The territory of the Imperium is defined by the reach of the psychic beacon of the Astronomican, which has a range of approximately 50,000 light years. The Imperium proper could thus be thought of as a sphere whose center lies at Terra's Sol System, and whose radius is about 50,000 light years wide. However, as a practical matter, agents and agencies of the Imperium (along with "unofficial" representatives of the Imperium - such as Rogue Traders - who often work in tandem with the goals of the Imperium) carry on its affairs and expand its influence beyond that limit. The disparate and widespread nature of Imperial territory, with its millions of star systems and worlds, means that a strongly centralised government would be unfeasible.

The Imperium encompasses countless worlds. No one has ever been able to map them and no one can even say how many there are. Entire departments of the Adeptus Administratum are devoted to cataloguing the worlds in the Emperor’s domains, a never-ending task, for it is in a state of eternal flux. Furthermore, the Adeptus Terra holds that the whole human race and the entire galaxy are under the Emperor’s rule—the Imperium has a manifest destiny to unite Mankind, impose its laws on every human world and destroy all alien life. The true scope of the Imperium is, therefore, the entire galaxy, though this is far from actuality. The Imperium jealously guards its territory whenever it can but its sheer size means that it cannot react to every circumstance. Many planets live and die alone, with only the truly great threats commanding the attention of the Adeptus Terra. Worlds are frequently lost to aliens, rebellion or disasters, with news of their destruction sometimes taking centuries to reach Terra. The Imperium’s borders undergo constant change, with new worlds discovered, conquered or colonised and old ones lost to xenos attack, Exterminatus or even to the Warp.

The Imperium of Man divides the galaxy into five administrative zones called Segmentae Majoris, which include the:

  • Segmentum Solar, the galactic "center," with the Sol System at its heart.
  • Segmentum Pacificus, the galactic "west."
  • Segmentum Obscurus, a region to the galactic "east" of Terra that has been heavily fortified by the Imperial Navy and the Imperial Guard due to the dangers posed by this Segmentum's most infamous element, the Eye of Terror. This is a vast Warp rift where the Immaterium actually intrudes upon material space - as do the Chaos Space Marine Traitor Legions and the daemons of the Ruinous Powers themselves.
  • Segmentum Tempestus, the galactic "south."
  • Segmentum Ultima, the largest province of all in the Imperium, located to the galactic "north" of Terra; its furthest extents are beyond even the range of the Astronomican in space still unexplored by humanity.

The Segmentae are the primary administrative divisions of the Imperium. Each is divided into sectors, which are areas of three-dimensional space. The sectors in turn consist of sub-sectors, each containing a number of individual star systems. These spatial divisions and subdivisions are also levels of the administrative hierarchy.

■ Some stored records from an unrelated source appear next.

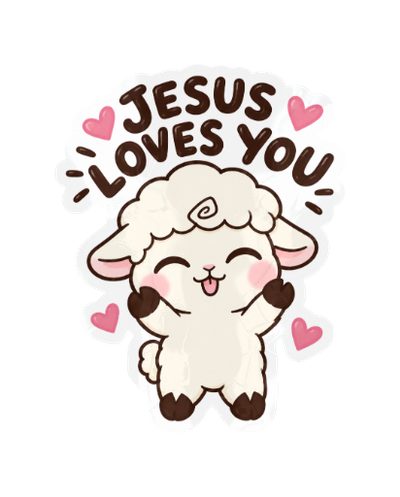 Jesus Loves You Sticker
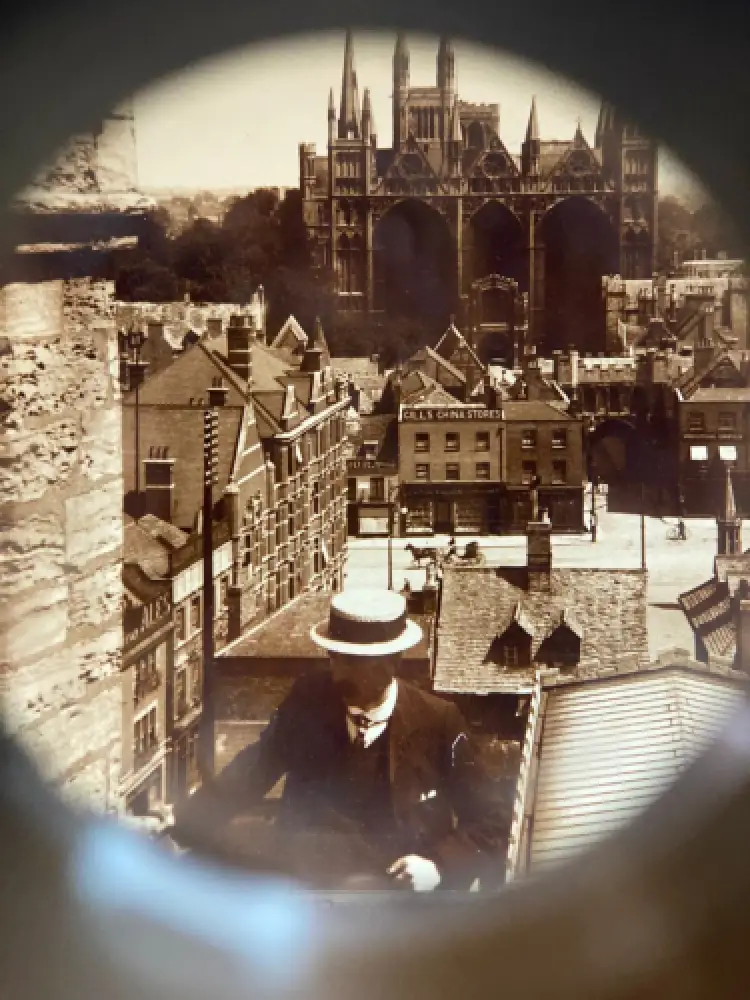 Stereoscopy  Borne stéréo de table avec 50 cartes H.C White&Co UK & USA c. 1903 13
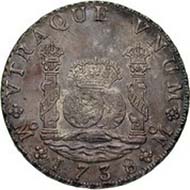 Spain, Philip V, king of Spain 1700-1746, real de a ocho, silver, Mexico City, 1738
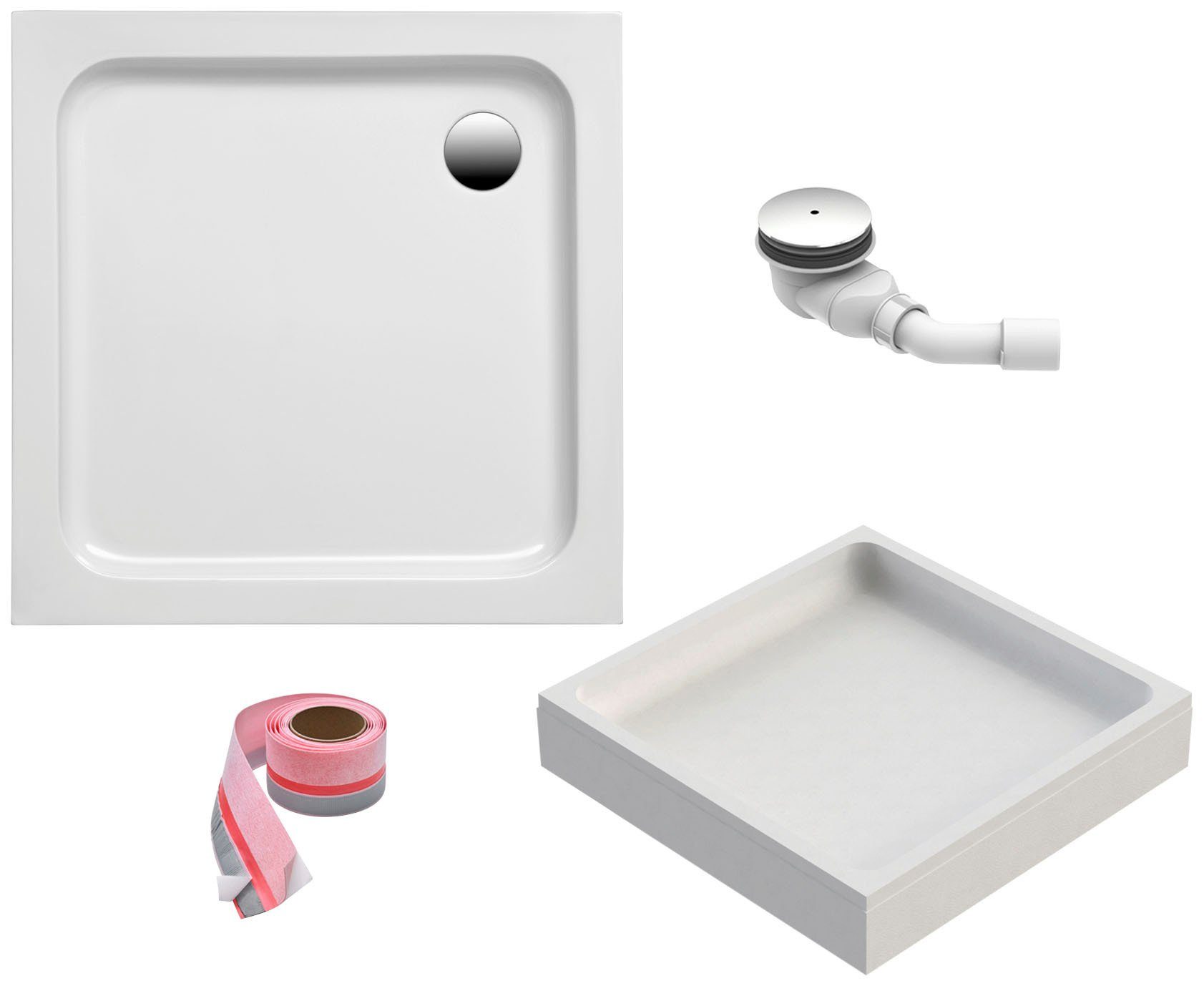 OTTOFOND Duschwanne, quadratisch, Sanitäracryl, Set, 90x90x6 günstig online kaufen
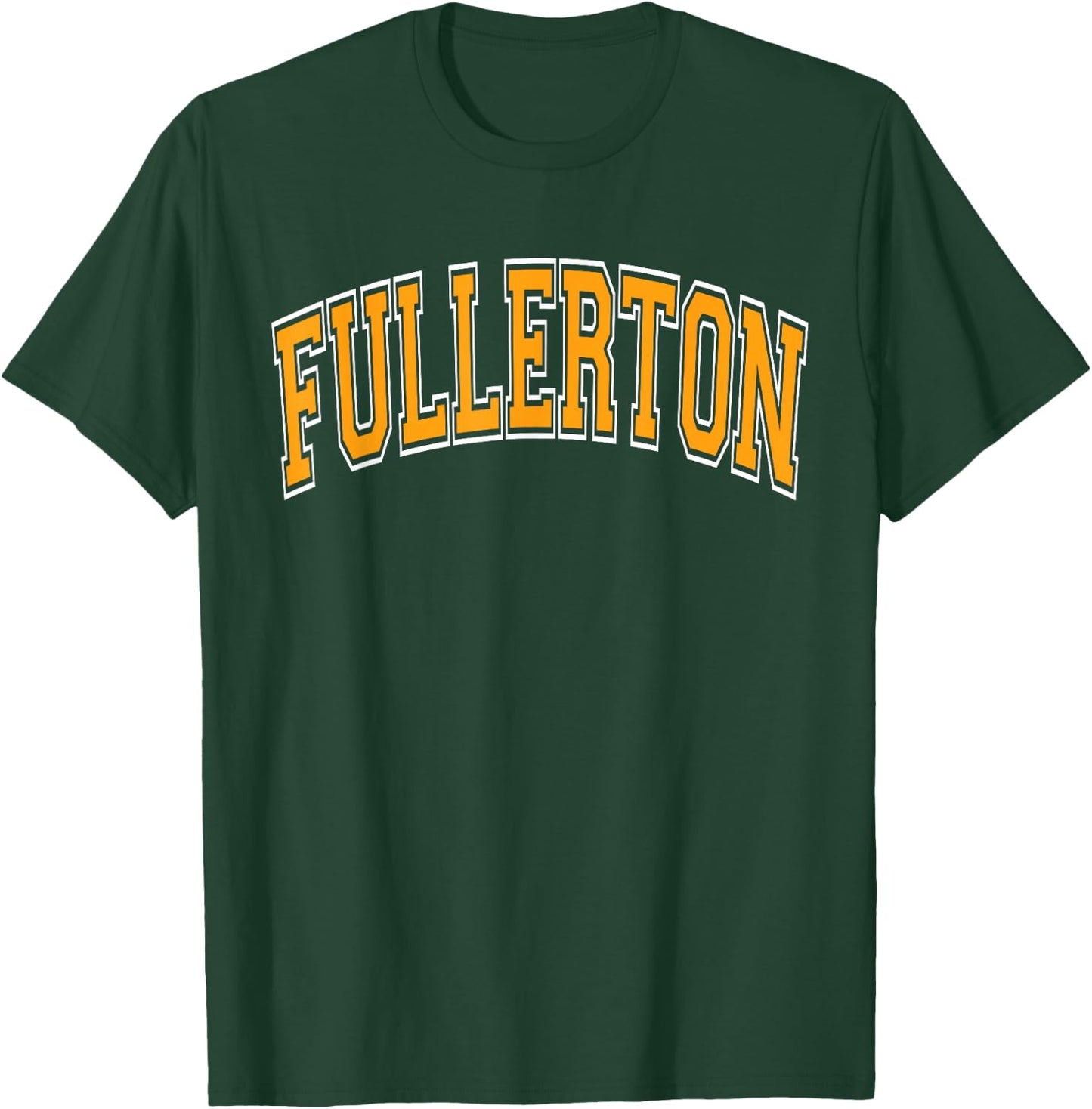Fullerton Arched Style Orange Text T-Shirt - T-Shirt | Forest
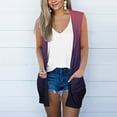 thumbnail image 2 of JINMGG Womens Coats , Winter Coats for Women Women's Casual Sleeveless Printed Loose Pockets Tops Cardigan, 2 of 5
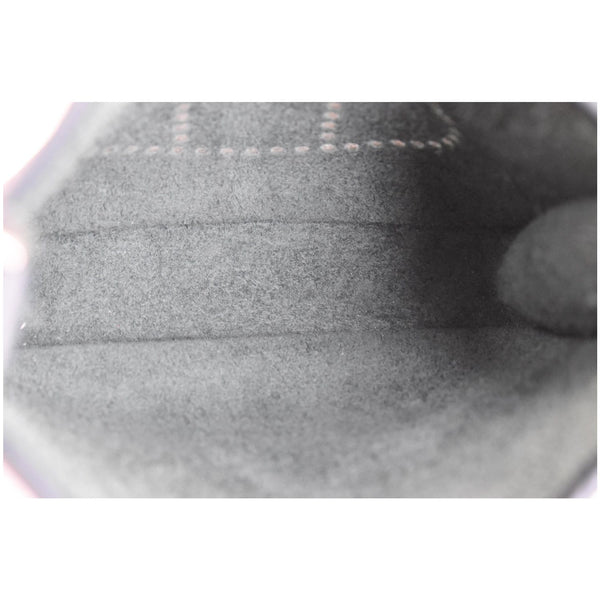 HERMES Evelyne TPM Clemence Leather Shoulder Bag Dark Green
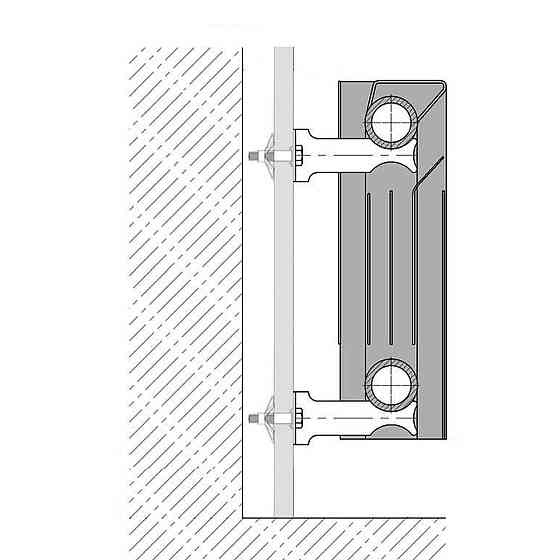 Комплект кронштейнів радіатора CRISTAL NS-1012 кутовий оцинкований 100x77x47мм (пар.2шт.) (000022830) Київ
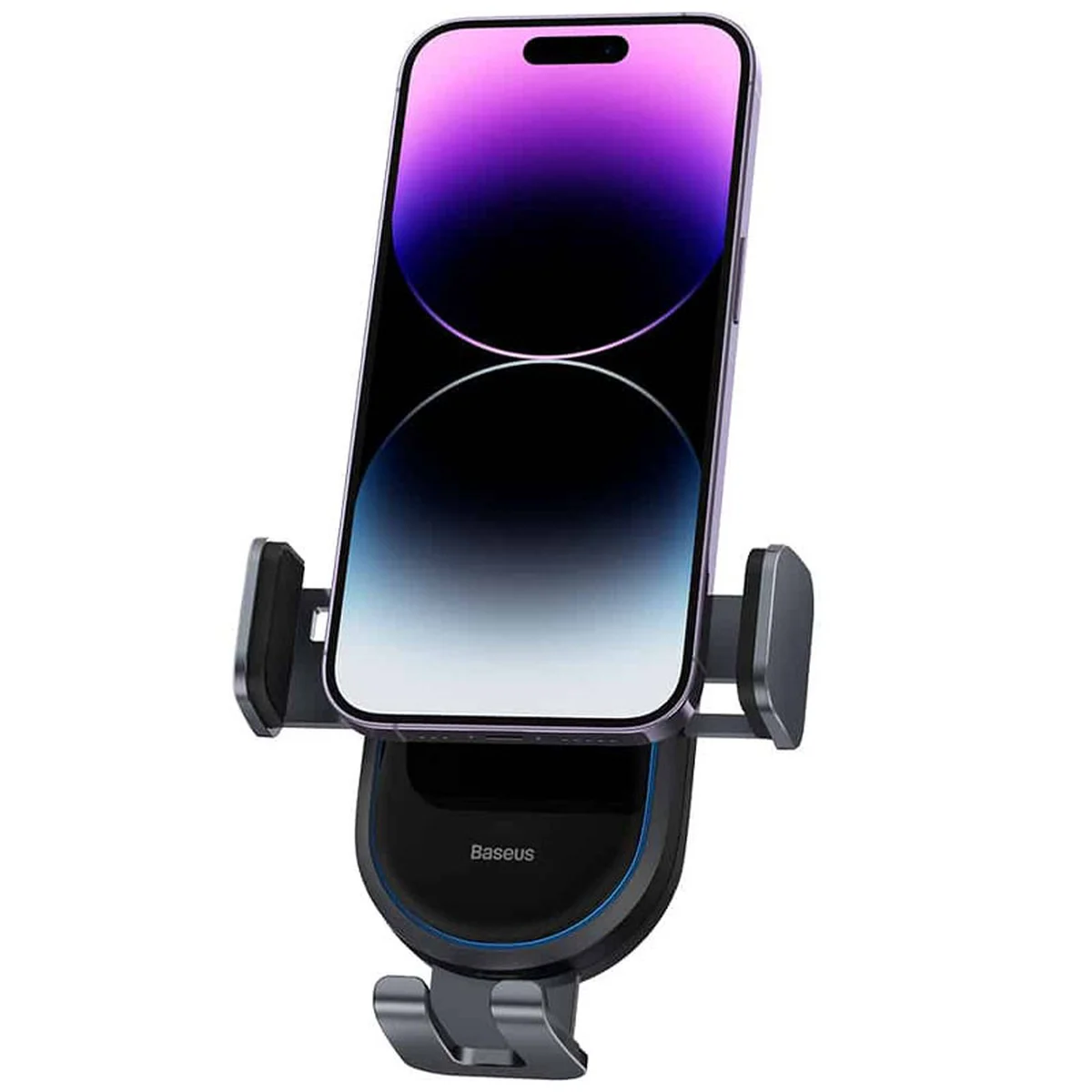 Автодержатель с БЗУ Baseus LightChaser Wireless Charging Electric Car Mount 15W (C40355900121-00) Black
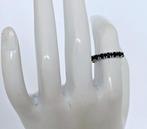 Zonder Minimumprijs - Ring - 14 karaat Witgoud - Saffieren, Handtassen en Accessoires, Nieuw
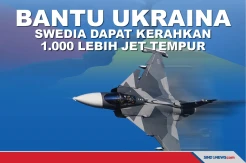 Bantu Ukraina, Swedia Dapat Kerahkan 1.000 Lebih Jet Tempur
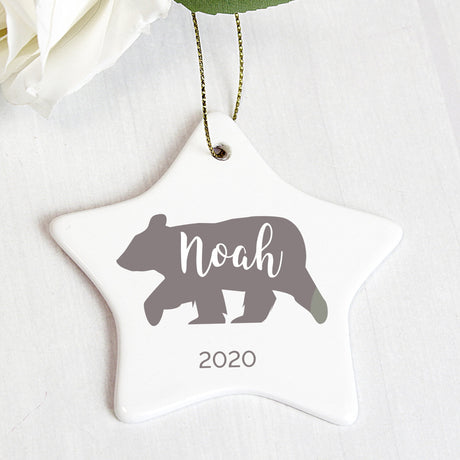 Polar Bear Ceramic Star Decoration - Gift Moments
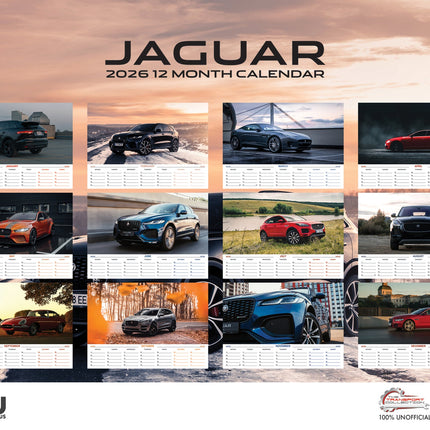 CalendarsRUs Jaguar A3 Kalender 2026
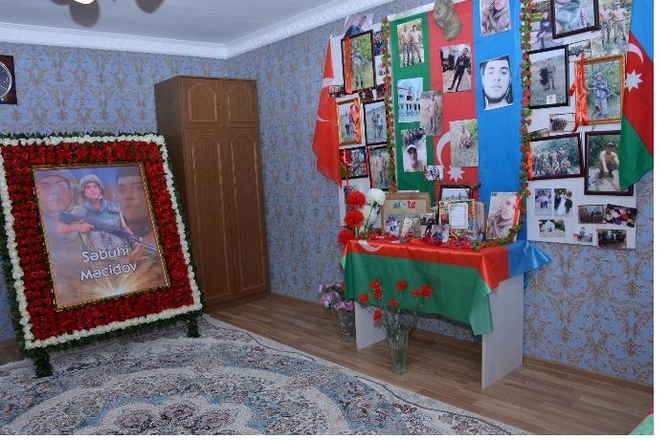İradə Gülməmmədova bayram ərəfəsində şəhid Səbuhi Məcidovun ailəsinə baş çəkdi — FOTOLAR
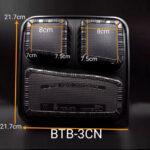 [50sets± ] BTB-3CN BTB-4C 3/4 Compartment Black Container With Lid Plastic PP Lunch Food Benxon Box Three Four Benxon - BTB-4C - Image 3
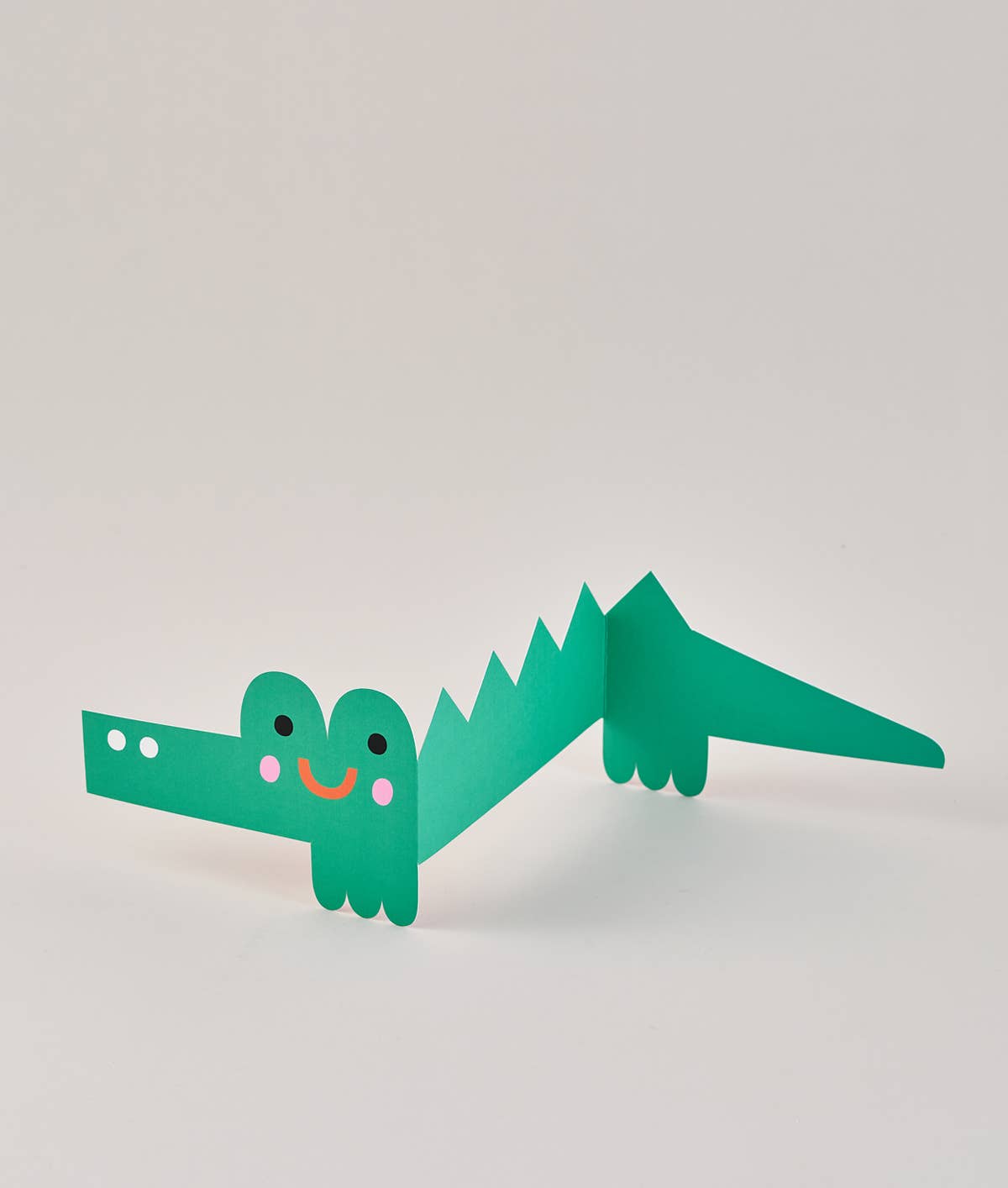 WRAP MAGAZINE 'Croc' Fold Out Kid's Birthday Card - Preston Apothecary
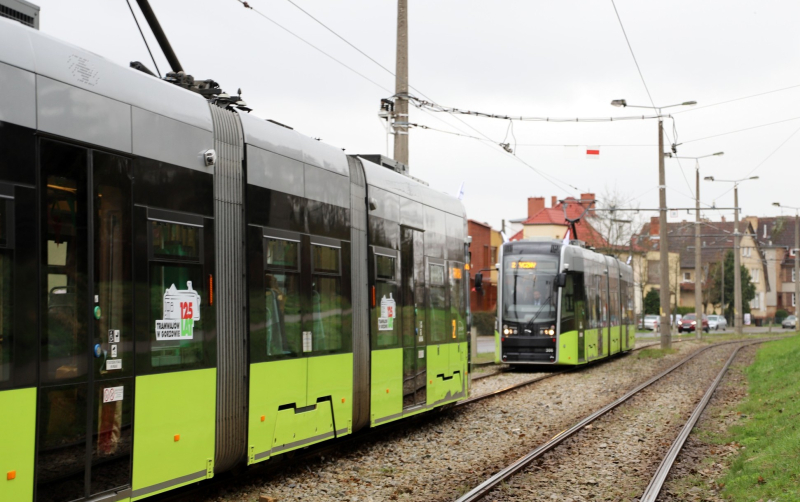 7/15 Tak wyglądał jubileuszowy korowód tramwajów w Gorzowie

Each Segmentum Governor (or Segmentum Commander, the term used when the governor is acting in his military capacity) oversees his Sector Governors (or Sector Commanders), who in turn oversee Sub-sector Governors (or Sub-sector Commanders), who in their turn oversee the individual Planetary Governors, who are also known as Imperial Commanders. The higher ranks in this administrative system are usually combined with a basic planetary governorship as well as interstellar duties. Each of these governors is usually a member of the Imperial nobility and it is rare, but not impossible, for a man or woman born in the lowest ranks of Imperial society to rise to the rank of an Imperial Governor on his or her own merits or abilities. This neo-feudal system is the means by which the Imperium maintains control of the separate planets that comprise it.

Planetary Administration

Because of the distances involved and the unstable nature of Warp communication, Planetary Governors generally operate very autonomously. This allows quite a lot of variation in the regional governments of the Imperium. Some governorships are hereditary, but it is also possible for a planet to have an elected Planetary Governor, a tyrant Governor who rules solely by force of his personal arms, or anything in between. So long as the Governor fulfills his duties to the broader Imperium, his rule will generally be accepted by the higher authorities with little or no interference.

A rare few Planetary Governors preside over Feral or Feudal Worlds where the Imperium has not, for whatever reason, seen fit to introduce modern technology. These Governors are often isolated from their subjects, sometimes even living on orbital installations, only interfering to control mutation, Chaos incursions, Ork invasions and rogue psykers, as well as to collect the modest tithes in men for the Imperial Guard and psykers that these planets provide. The Imperial duties of a Planetary Governor include paying the planetary tithe to the Administratum, controlling psykers, mutation and heresy among the population, defending the planet and putting down rebellions against the local government (and thus against the Imperium). A serious responsibility for a Planetary Governor is the maintenance of an adequate planetary defence force capable of defending the planet in the event of an invasion. The Planetary Defence Forces (PDF) are expected to defeat attacks from minor foes, and in the case of major invasions to hold out until reinforcements arrive, which could take a period of months, years or even decades.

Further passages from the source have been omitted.